Problem statement
Beginning with the line in which "Bowls with tasty" appears, transcribe each line word for word until the records end. Do not include pictures.

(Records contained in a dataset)
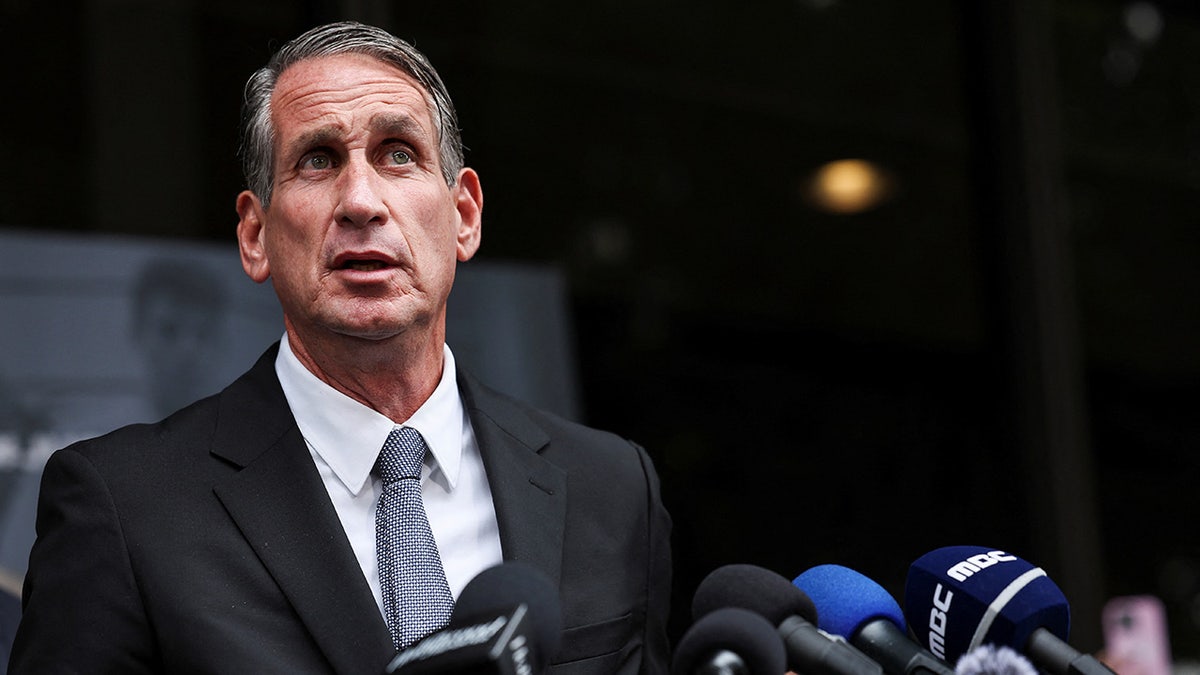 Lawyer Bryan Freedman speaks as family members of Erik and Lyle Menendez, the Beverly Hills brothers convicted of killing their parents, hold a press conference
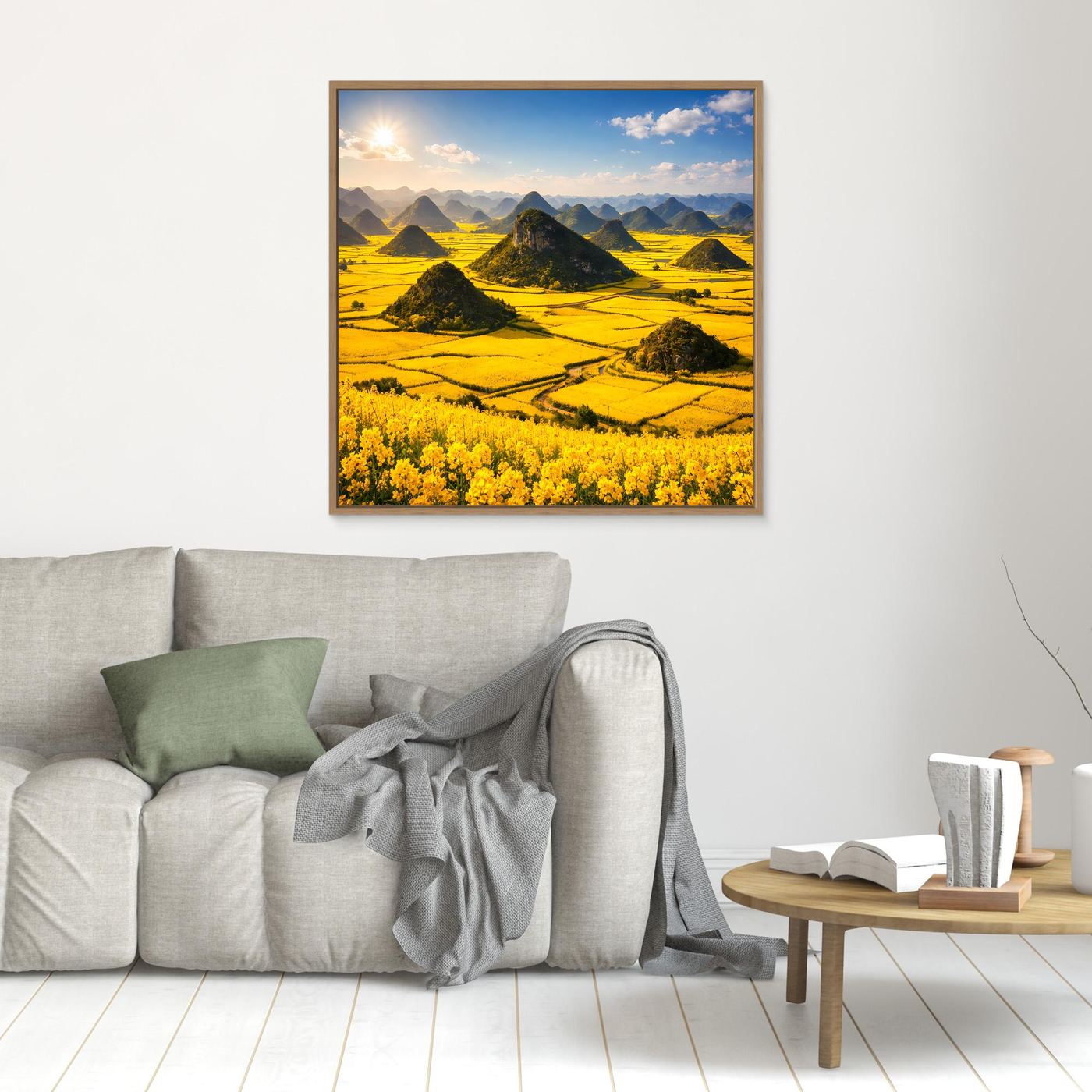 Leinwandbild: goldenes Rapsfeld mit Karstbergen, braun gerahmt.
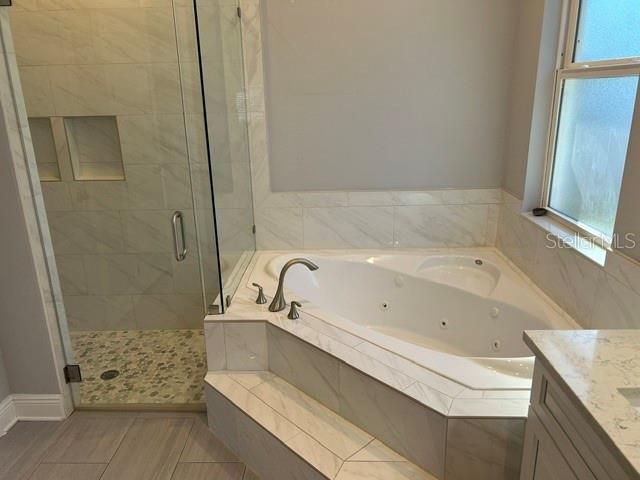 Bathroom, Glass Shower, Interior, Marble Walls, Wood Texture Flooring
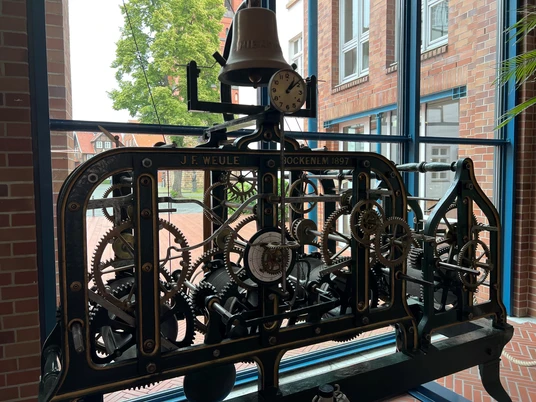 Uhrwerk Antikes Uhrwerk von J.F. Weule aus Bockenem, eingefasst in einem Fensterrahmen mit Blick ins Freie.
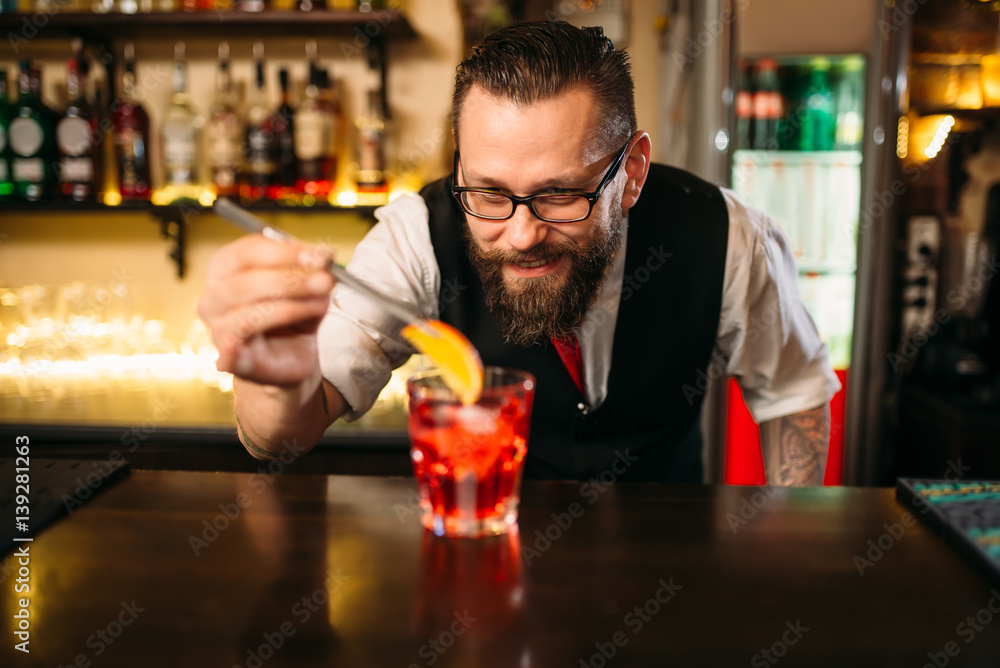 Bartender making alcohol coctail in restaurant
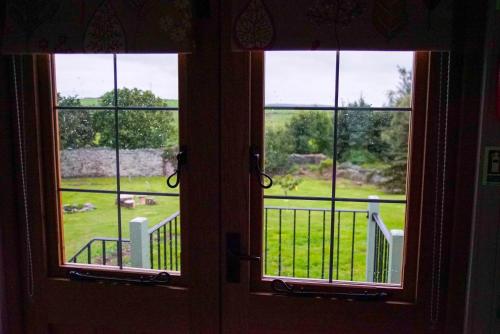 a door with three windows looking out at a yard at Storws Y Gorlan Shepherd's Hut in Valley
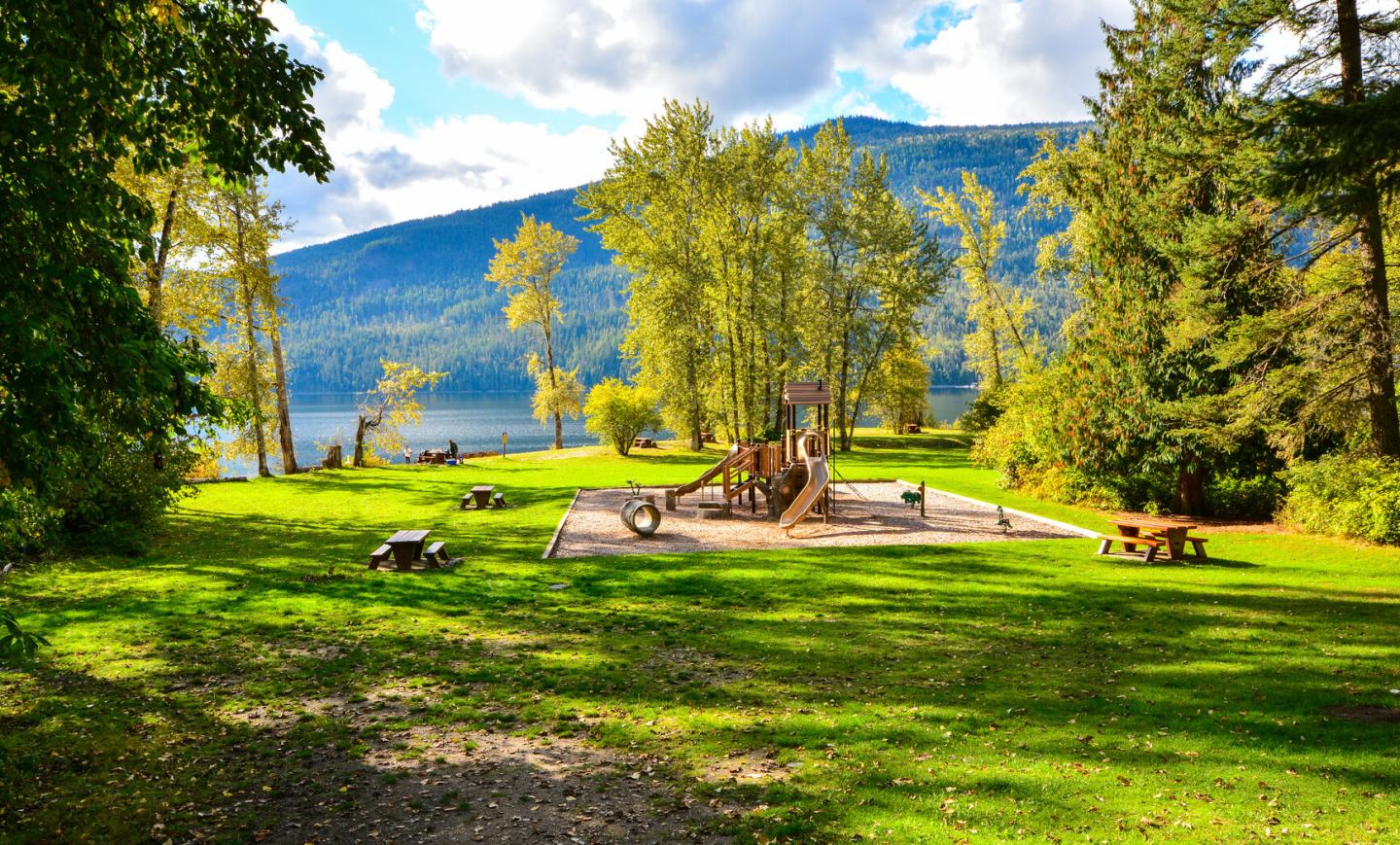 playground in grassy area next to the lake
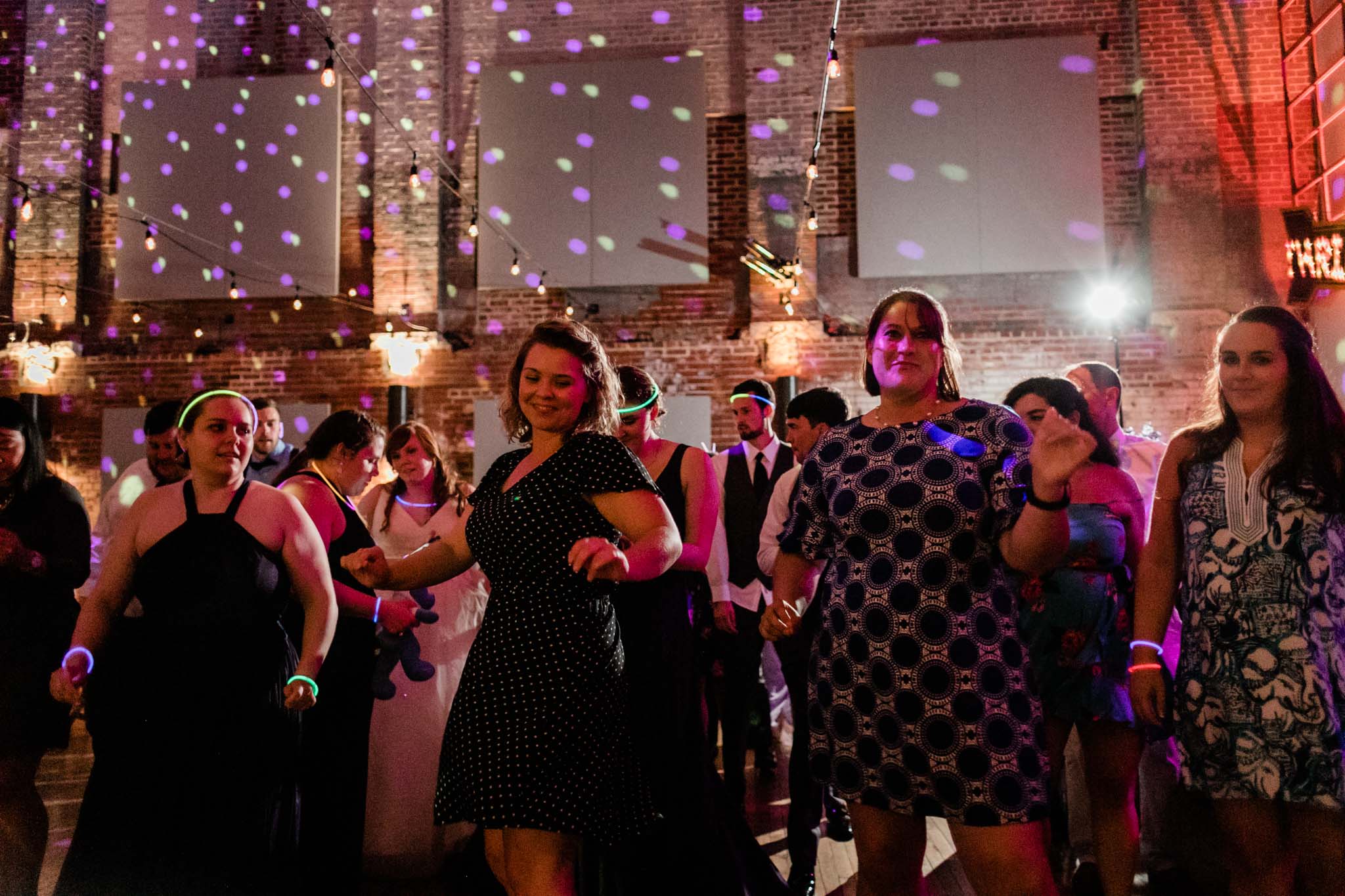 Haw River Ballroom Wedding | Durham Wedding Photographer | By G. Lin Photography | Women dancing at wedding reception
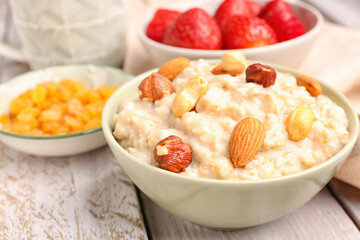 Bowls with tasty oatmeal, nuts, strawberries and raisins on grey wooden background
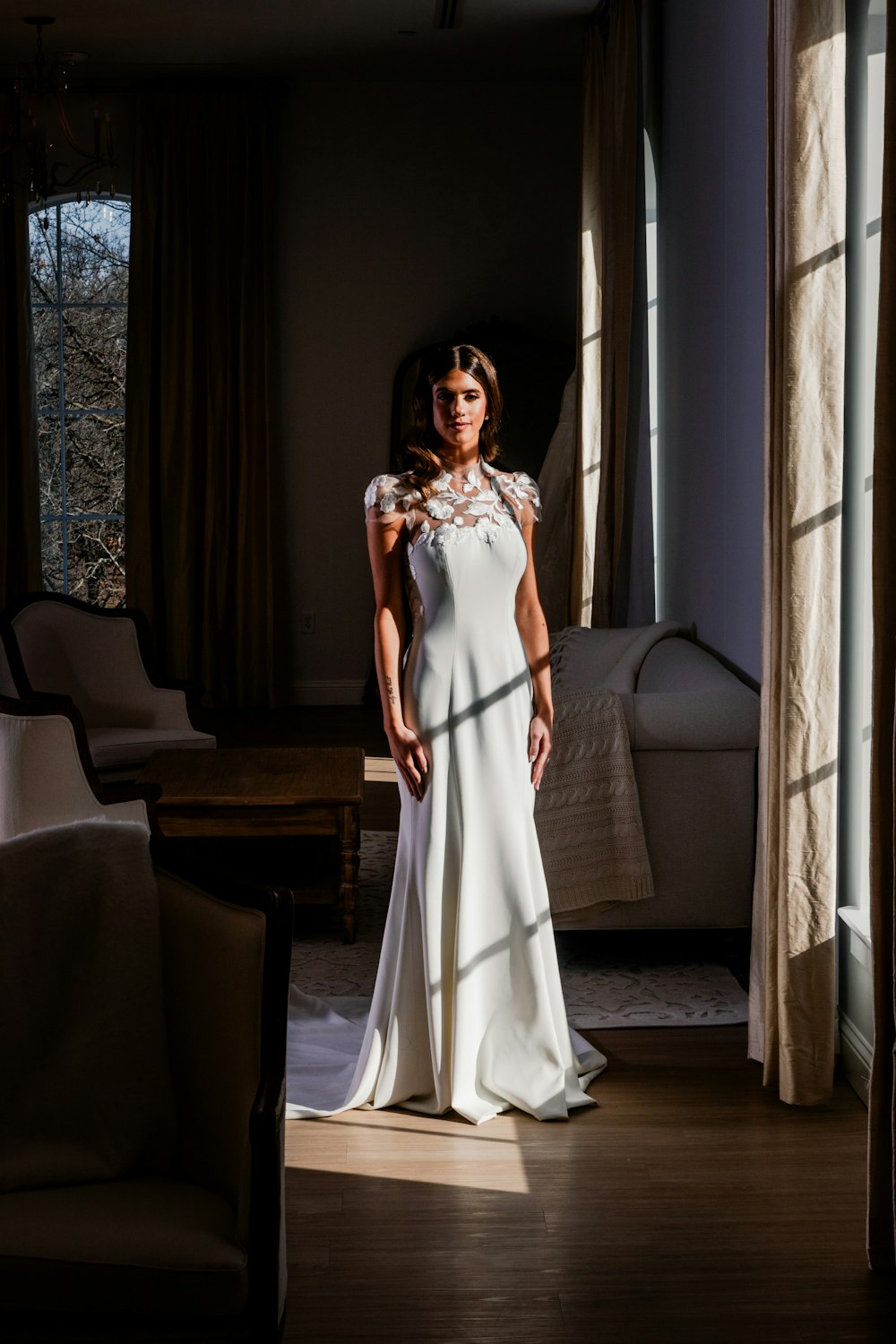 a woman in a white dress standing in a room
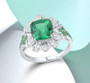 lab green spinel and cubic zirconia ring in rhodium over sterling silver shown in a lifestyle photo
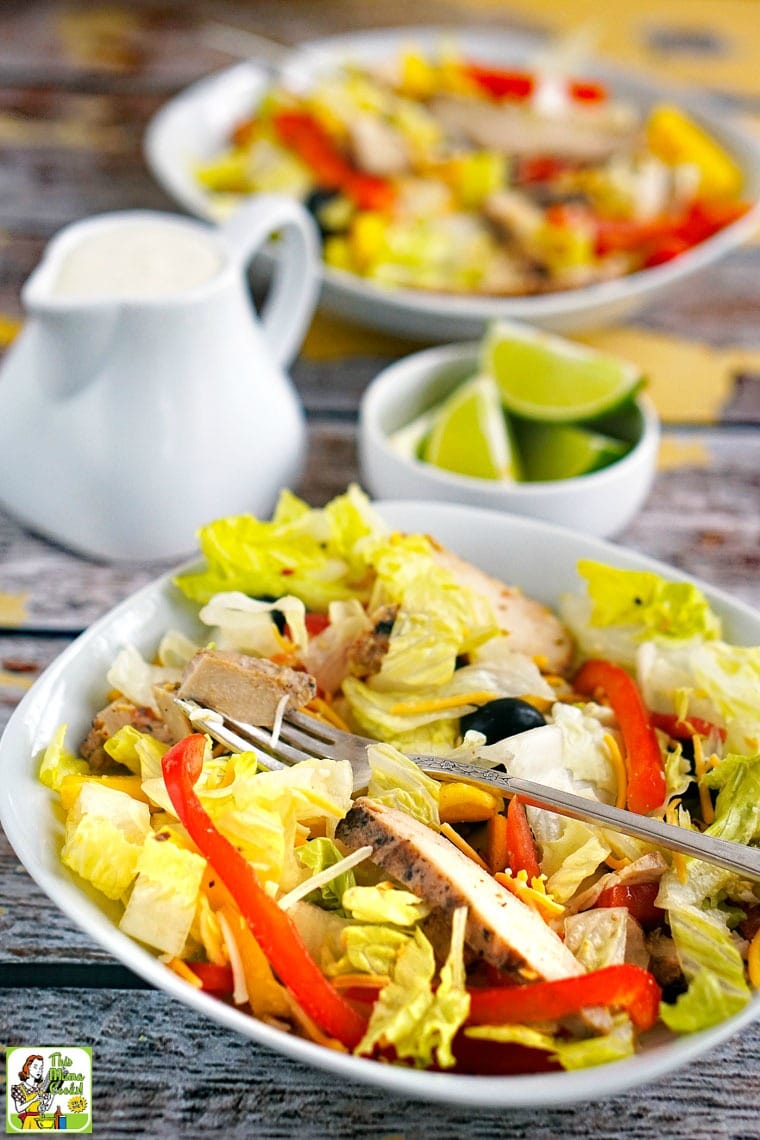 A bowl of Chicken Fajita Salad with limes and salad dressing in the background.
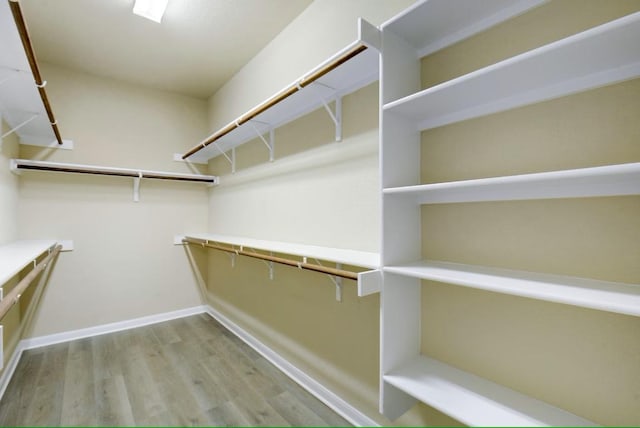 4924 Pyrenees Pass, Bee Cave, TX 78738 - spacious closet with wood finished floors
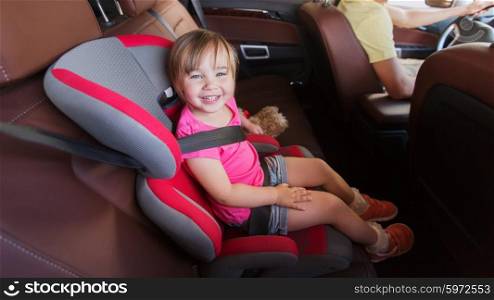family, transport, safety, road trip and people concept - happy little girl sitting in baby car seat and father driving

Task result
 Bowls with tasty oatmeal, nuts, strawberries and raisins on grey wooden background
 a woman in a white dress standing in a room
 lab green spinel and cubic zirconia ring in rhodium over sterling silver shown in a lifestyle photo
 A bowl of Chicken Fajita Salad with limes and salad dressing in the background.
 4924 Pyrenees Pass, Bee Cave, TX 78738 - spacious closet with wood finished floors
family, transport, safety, road trip and people concept - happy little girl sitting in baby car seat and father driving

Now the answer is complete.